INVESTIGADORES
MARTIN Pablo Rafael
artículos
Título:
Shell interpopulation variation and its origin in Pomacea canaliculata (Gastropoda: Ampullariidae) from Southwestern Buenos Aires Province, Argentina
Autor/es:
ESTEBENET, ALEJANDRA; MARTÍN, PABLO
Revista:
JOURNAL OF MOLLUSCAN STUDIES
Editorial:
Oxford University Press
Referencias:
Lugar: Oxford; Año: 2003 vol. 69 p. 301 - 310
ISSN:
0260-1230
Resumen:
Despite its widely recognized conchological variation, studies on shell variability of Pomacea canaliculata are limited to its sexual and ontogenetic components. Here we analyse the interpopulation variation in conchological and somatic traits and sex-related growth patterns of P. canaliculata to determine if it is ecophenotypically or genetically determined. P. canaliculata showed variation in shell shape, shell and body weight and body ash content among populations from three environmentally different sites. Shell shape was also different when snails from the three sources were reared under homogeneous laboratory conditions, indicating a genetic basis for the differences. Shell shapes of laboratory snails differed from their field counterparts, suggesting an environmental influence on shape. Genetic differentiation of shell shape among the studied populations does not seem to be the outcome of adaptation to local conditions or of genetic drift, but is probably a side-effect of the adaptive differentiation in some life-history traits. On the other hand, weight and ash content differences disappeared under homogeneous conditions, suggesting that their variation is mainly ecophenotypic.
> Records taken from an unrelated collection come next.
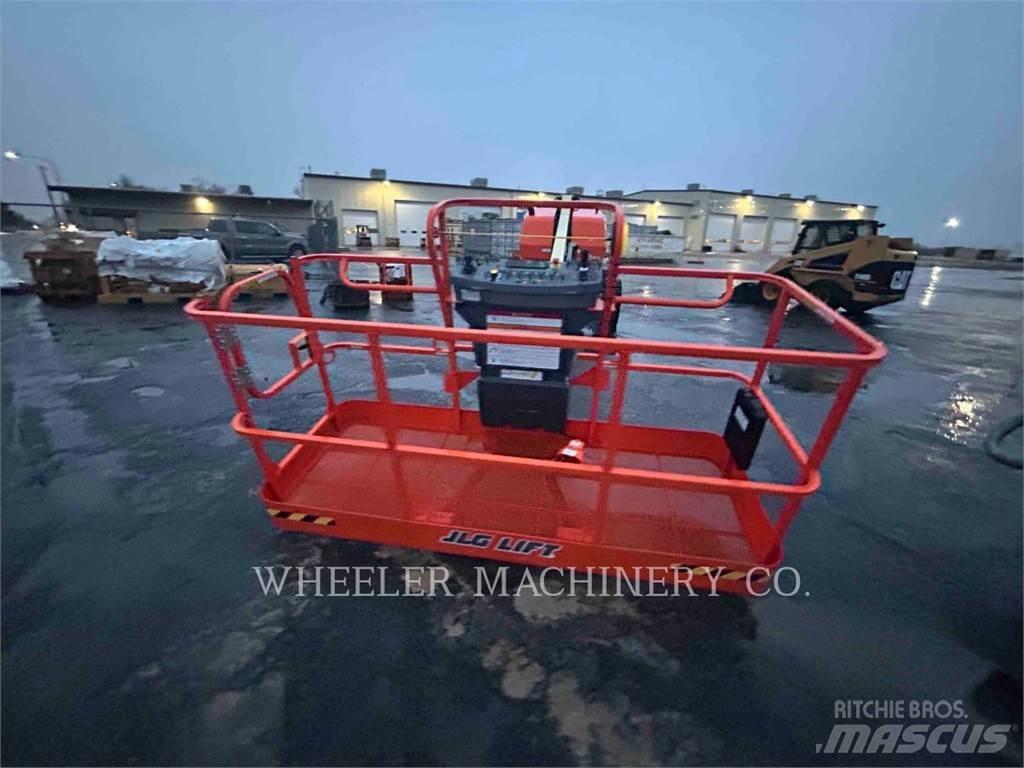 JLG 460SJ SP Колінчаті підйомники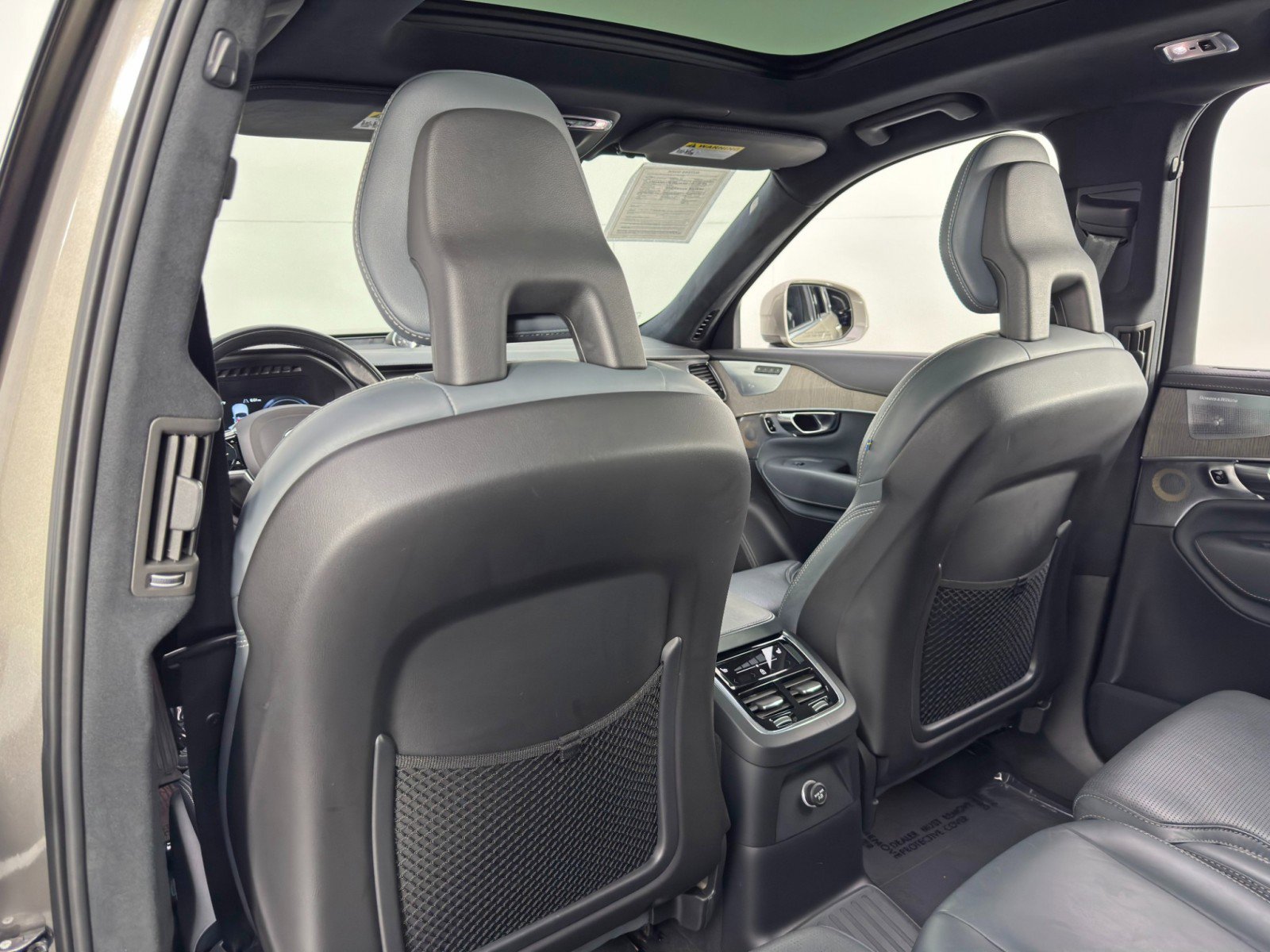 Used 2020 Volvo XC90 T8 Inscription w/ Protection Package image 39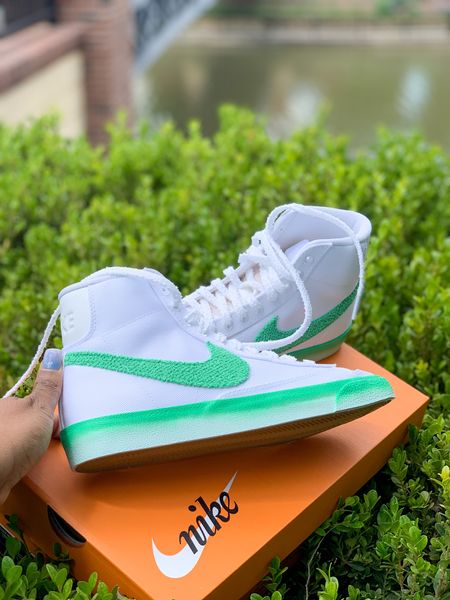 You know I love my sneakers! These NEW Women’s Nike Blazer Mid “77 are so cute. Love the color. #NikeBlazers #Sneakers #Womens #FashionFriday #Sneakerhead #SOTD @nike #mothersdaygifts

#LTKshoecrush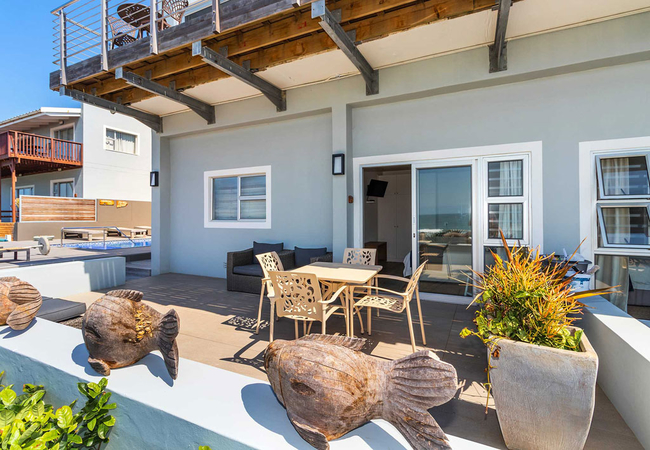 Family Room with Sea View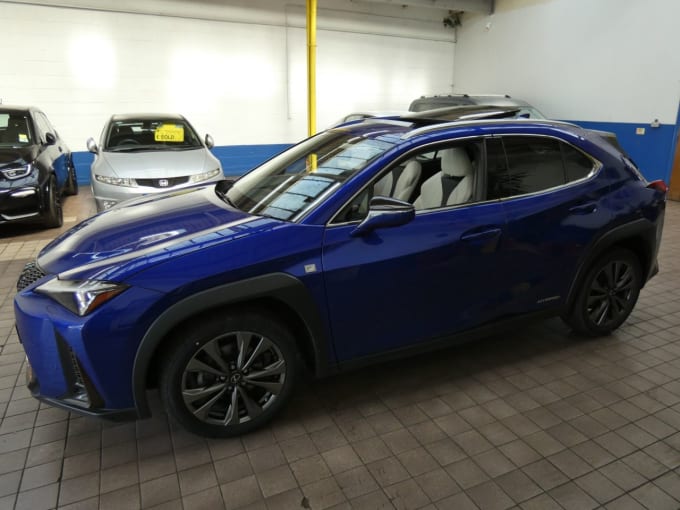 2025 Lexus Ux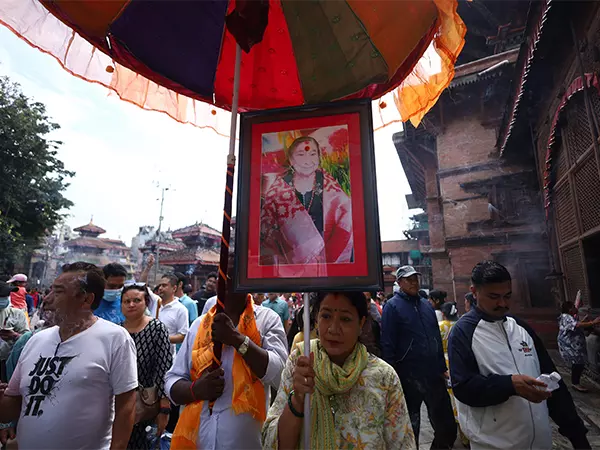 Nepal: प्रियजनों की स्मृति में गाई जात्रा मनाई गई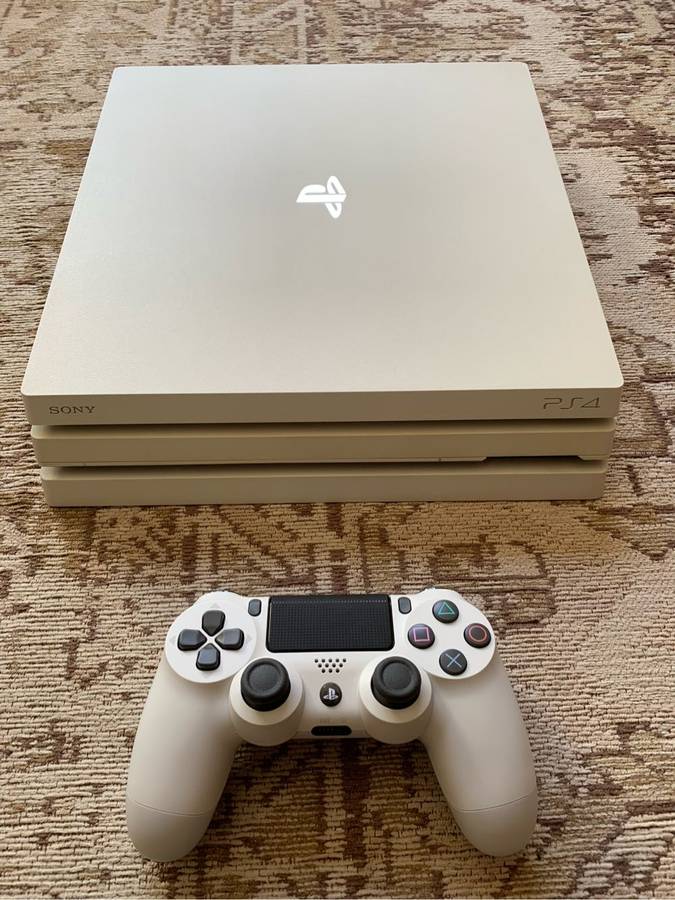 PS4 Pro Console (White edition)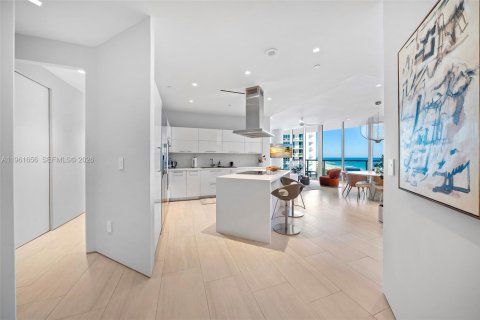 Condominio en venta en Miami Beach, Florida, 4 dormitorios, 345.32 m2 № 2024620 - foto 11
Variability in shell thickness, body weight and ash content seems to be more related to trophic availability than to water chemistry. In the laboratory, females showed slightly higher growth rates than males, but these inter-sex differences differed among snails from the three sources. However, shell length was not different between sexes in the field, probably due to a deeper effect of food shortage on female growth. The widespread pattern that shells of freshwater snails from different environments are different has been attributed mostly to cumulative environmental effects or to adaptation to local conditions. However, we suggest that different shell shapes could arise as a collateral outcome of genetically different reproductive behaviours and that it would be misleading to study the shell as a trait exposed separately to selective pressures or environmental influences.